Dinner · Uncategorized · Vegetables · vegetarian

Butter bean and vegetable curry


This warming curry  is an easy weeknight supper and the vegetables you use can vary according to what you have available. If you like your curry hot then add one chilli when you are frying the onions and garlic. I cooked the poppadoms in the microwave which is a healthier option to frying them in oil.

Serves 8-10


30ml coconut oil

2 onion, chopped

1 large carrot, peeled and diced

2 celery stalks, diced

45ml korma curry paste

10ml chopped garlic

15ml grated ginger

1 small cauliflower, cut into florets

2 brinjals, partially peeled and diced

1 large potato, peeled and cut into chunks

2 orange sweet potatoes, peeled and cut into chunks

400g tin of chopped tomatoes

3x tomato cans of water

3 sachets of vegetable stock concentrate

400g tin of butter beans, drained and rinsed

Salt and pepper

Small 165ml tin of coconut milk

60ml chopped coriander


Heat the coconut oil in a large pot or frying pan and fry the onion, carrot, celery, garlic and ginger for about 10 minutes.

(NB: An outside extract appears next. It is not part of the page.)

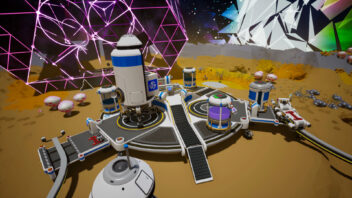 Astroneer Megatech Patch Notes Astroneer Blog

Add the korma paste and stir until fragrant. Add the vegetables and stir for 5 minutes, take care not to burn. Add the tomatoes, water and stock. Season well. Cover and simmer for 15 minutes. Stir in the butter beans and simmer uncovered for another 15 minutes or until the vegetables are soft. Stir in the coconut milk and simmer for another 5 minutes. Adjust seasoning and stir in the chopped coriander. Serve with brown rice, poppadoms and a dollop of yoghurt.